Have all other periodic reports required under Section 13 or 15(d) of the Securities Exchange Act of 1934 or Section 30 of the Investment Company Act of 1940 during the preceding 12 months or for such shorter period that the registrant was required to file such report(s) been filed? If the answer is no, identify report(s).

 

xYes o No

 

 

(3)

Is it anticipated that any significant change in results of operations from the corre­sponding period for the last fiscal year will be reflected by the earnings statements to be included in the subject report or portion thereof?

xYes o No

 

If so: attach an explanation of the anticipated change, both narratively and quantitatively, and, if appropriate, state the reasons why a reasonable estimate of the results cannot be made.

 

We expect to show net income applicable to common shareholders at June 30, 2007 as opposed to a net loss applicable to common shareholders at June 30, 2006. This is primarily a result of a material gain on the early extinguishment of our $43 million revenue interest assignment obligation for $10 million stated value of our Series A-1 and A-2 preferred stock on June 18, 2007. This material gain will be partially offset by certain additional costs we incurred in the quarter related to the costs of terminating the employment of two of our former executive officers and to a financial advisory agreement we entered into with the placement agent who arranged the June 18, 2007 private placement of our preferred shares.
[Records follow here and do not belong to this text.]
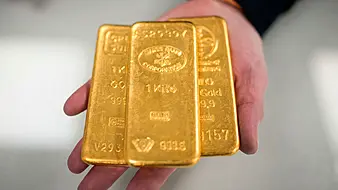Gold Hits $3,500 Per Ounce As Investors Flock To Safety Amid Trump Uncertainty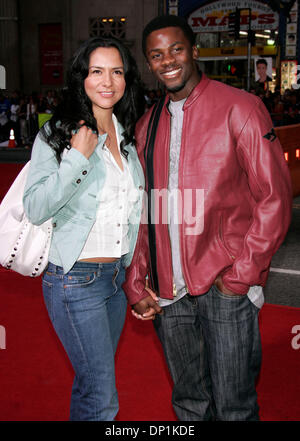 4 mai 2006, Hollywood, Californie, USA ; acteur DEREK LUKE & femme SOPHIA au Los Angeles de dépistage du ventilateur 'Mission Impossible 3' qui s'est tenue au Théâtre Chinois. Crédit obligatoire : Photo de Lisa O'Connor/ZUMA Press. (©) Copyright 2006 by Lisa O'Connor Banque D'Images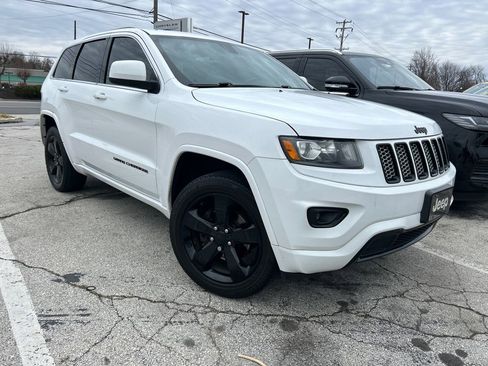 Used 2015 Jeep Grand Cherokee Altitude image 2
Our product and laboratory costs will be lower by approximately $1.6 million as we had no clinical costs during the six months ended June 30, 2007. Further, we expect to record preferred stock dividends of approximately $5.2 million related to beneficial conversion features of our Series A financing and approximately $1.4 million of deemed dividends related to price reductions made to outstanding warrants as well as additional costs of our Series H warrant exchange. We are still evaluating certain accounting treatments for various components of our June 18, 2007 financing transactions.

 

 

 



 

 

Ortec International, Inc.

(Name of Registrant as Specified in Charter)

 

Has caused this notification to be signed on its behalf by the undersigned thereunto duly authorized.

 

 

Date: August 14, 2007  By: /s/ Alan W. Schoenbart   
    Alan W. Schoenbart, CFO  

 

INSTRUCTION: The form may be signed by an executive officer of the registrant or by any other duly authorized representative. The name and title of the person signing the form shall be typed or printed beneath the signature. If the statement is signed on behalf of the registrant by an authorized representative (other than an executive officer), evidence of the representative's authority to sign on behalf of the registrant shall be filed with the form.

 

ATTENTION

 

Intentional misstatements or omissions of fact constitute Federal criminal violations (see 18 U.S.C. 1001).